The `VectorAssembler` class above is an example of a generic type in Spark, called a [Transformer](http://spark.apache.org/docs/latest/ml-pipeline.html#transformers). Important things to know about this type:

* They implement a `transform` method.
* They convert one `DataFrame` into another, usually by adding columns.

Examples of Transformers: [`VectorAssembler`](http://spark.apache.org/docs/latest/ml-features.html#vectorassembler), [`Tokenizer`](http://spark.apache.org/docs/latest/ml-features.html#tokenizer), [`StopWordsRemover`](http://spark.apache.org/docs/latest/ml-features.html#stopwordsremover), and [many more](http://spark.apache.org/docs/latest/ml-features.html).



# Estimators

According to the docs: "An [Estimator](http://spark.apache.org/docs/latest/ml-pipeline.html#estimators) abstracts the concept of a learning algorithm or any algorithm that fits or trains on data". Important things to know about this type:

* They implement a `fit` method whose argument is a `DataFrame`.
* The output of `fit` is another type called `Model`, which is a `Transformer`.

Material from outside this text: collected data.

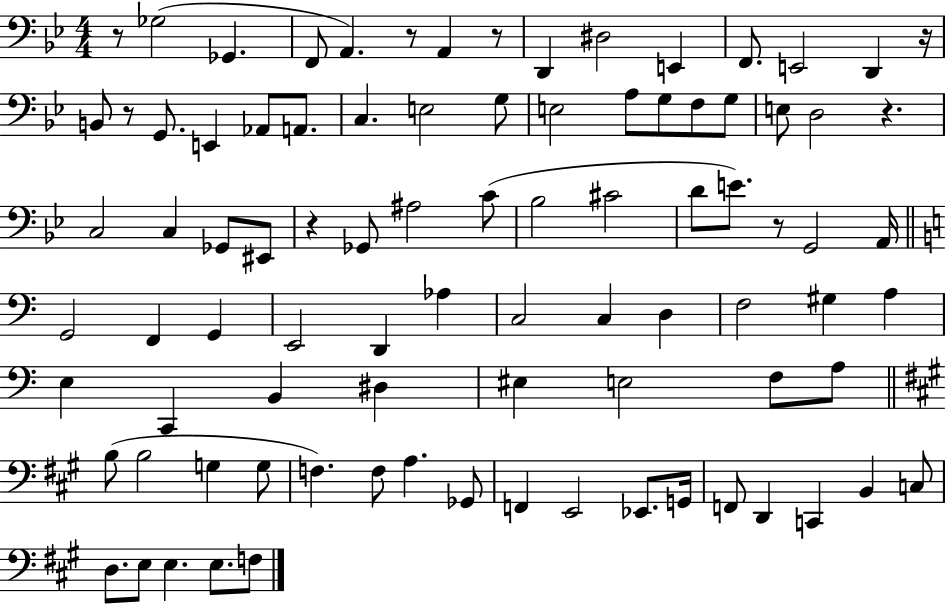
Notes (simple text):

R/e Gb3/h Gb2/q. F2/e A2/q. R/e A2/q R/e D2/q D#3/h E2/q F2/e. E2/h D2/q R/s B2/e R/e G2/e. E2/q Ab2/e A2/e. C3/q. E3/h G3/e E3/h A3/e G3/e F3/e G3/e E3/e D3/h R/q. C3/h C3/q Gb2/e EIS2/e R/q Gb2/e A#3/h C4/e Bb3/h C#4/h D4/e E4/e. R/e G2/h A2/s G2/h F2/q G2/q E2/h D2/q Ab3/q C3/h C3/q D3/q F3/h G#3/q A3/q E3/q C2/q B2/q D#3/q EIS3/q E3/h F3/e A3/e B3/e B3/h G3/q G3/e F3/q. F3/e A3/q. Gb2/e F2/q E2/h Eb2/e. G2/s F2/e D2/q C2/q B2/q C3/e D3/e. E3/e E3/q. E3/e. F3/e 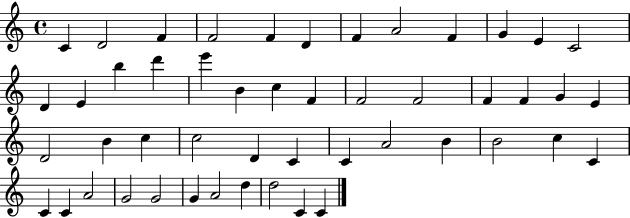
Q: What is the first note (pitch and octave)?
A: C4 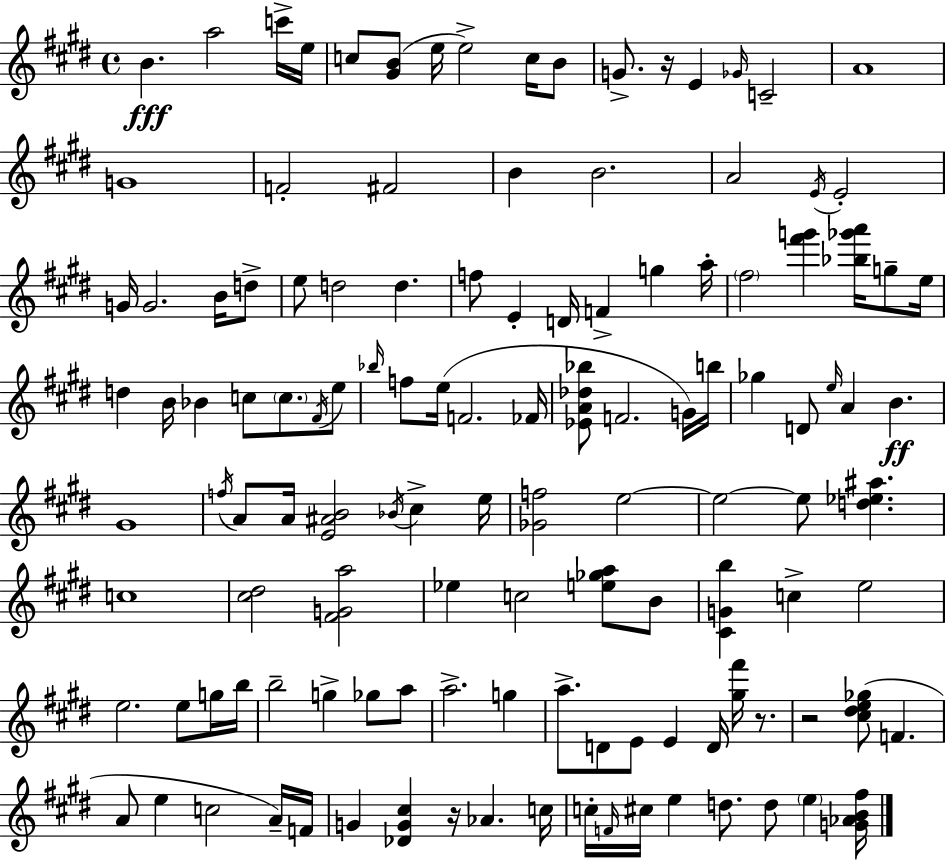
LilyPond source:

{
  \clef treble
  \time 4/4
  \defaultTimeSignature
  \key e \major
  b'4.\fff a''2 c'''16-> e''16 | c''8 <gis' b'>8( e''16 e''2->) c''16 b'8 | g'8.-> r16 e'4 \grace { ges'16 } c'2-- | a'1 | \break g'1 | f'2-. fis'2 | b'4 b'2. | a'2 \acciaccatura { e'16 } e'2-. | \break g'16 g'2. b'16 | d''8-> e''8 d''2 d''4. | f''8 e'4-. d'16 f'4-> g''4 | a''16-. \parenthesize fis''2 <fis''' g'''>4 <bes'' ges''' a'''>16 g''8-- | \break e''16 d''4 b'16 bes'4 c''8 \parenthesize c''8. | \acciaccatura { fis'16 } e''8 \grace { bes''16 } f''8 e''16( f'2. | fes'16 <ees' a' des'' bes''>8 f'2. | g'16) b''16 ges''4 d'8 \grace { e''16 } a'4 b'4.\ff | \break gis'1 | \acciaccatura { f''16 } a'8 a'16 <e' ais' b'>2 | \acciaccatura { bes'16 } cis''4-> e''16 <ges' f''>2 e''2~~ | e''2~~ e''8 | \break <d'' ees'' ais''>4. c''1 | <cis'' dis''>2 <fis' g' a''>2 | ees''4 c''2 | <e'' ges'' a''>8 b'8 <cis' g' b''>4 c''4-> e''2 | \break e''2. | e''8 g''16 b''16 b''2-- g''4-> | ges''8 a''8 a''2.-> | g''4 a''8.-> d'8 e'8 e'4 | \break d'16 <gis'' fis'''>16 r8. r2 <cis'' dis'' e'' ges''>8( | f'4. a'8 e''4 c''2 | a'16--) f'16 g'4 <des' g' cis''>4 r16 | aes'4. c''16 c''16-. \grace { f'16 } cis''16 e''4 d''8. | \break d''8 \parenthesize e''4 <g' aes' b' fis''>16 \bar "|."
}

Examples of Estimators: [`LogisticRegression`](http://spark.apache.org/docs/latest/ml-classification-regression.html#logistic-regression), [`DecisionTreeRegressor`](http://spark.apache.org/docs/latest/ml-classification-regression.html#decision-tree-regression), and [many more](http://spark.apache.org/docs/latest/ml-classification-regression.html).


In [11]:
from pyspark.ml import Pipeline
from pyspark.ml.classification import LogisticRegression
from pyspark.ml.feature import RegexTokenizer, HashingTF

# Prepare training documents from a list of (id, text, label (about big data?)) tuples.
train_df = spark.createDataFrame([
             (0, "spark is like hadoop mapreduce", 1.0),
             (1, "sparks light fire!!!", 0.0),
             (2, "elephants like simba", 0.0),
             (3, "hadoop is an elephant", 1.0),
             (4, "hadoop mapreduce", 1.0)], 
             ["id", "text", "label"])

In [12]:
regexTokenizer = RegexTokenizer(inputCol="text", outputCol="tokens", pattern="\\W") # Transformer
hashingTF = HashingTF(inputCol="tokens", outputCol="features") # Transformer
lr = LogisticRegression(maxIter=10, regParam=0.001) # Estimator

tokens_df = regexTokenizer.transform(train_df)
hashes_df = hashingTF.transform(tokens_df)
logistic_model = lr.fit(hashes_df) # Uses columns named features/label by default
# logistic_model is now a transformer

### Now we can predict on new text

In [13]:
# Prepare test documents, which are unlabeled (id, text) tuples.
test_df = spark.createDataFrame([
            (5, "simba has a spark"),
            (6, "hadoop"),
            (7, "mapreduce in spark"),
            (8, "apache hadoop")], 
            ["id", "text"])

### What do we need to do to this to get a prediction?

In [14]:
preds_df = logistic_model.transform(
                hashingTF.transform(
           regexTokenizer.transform(test_df)))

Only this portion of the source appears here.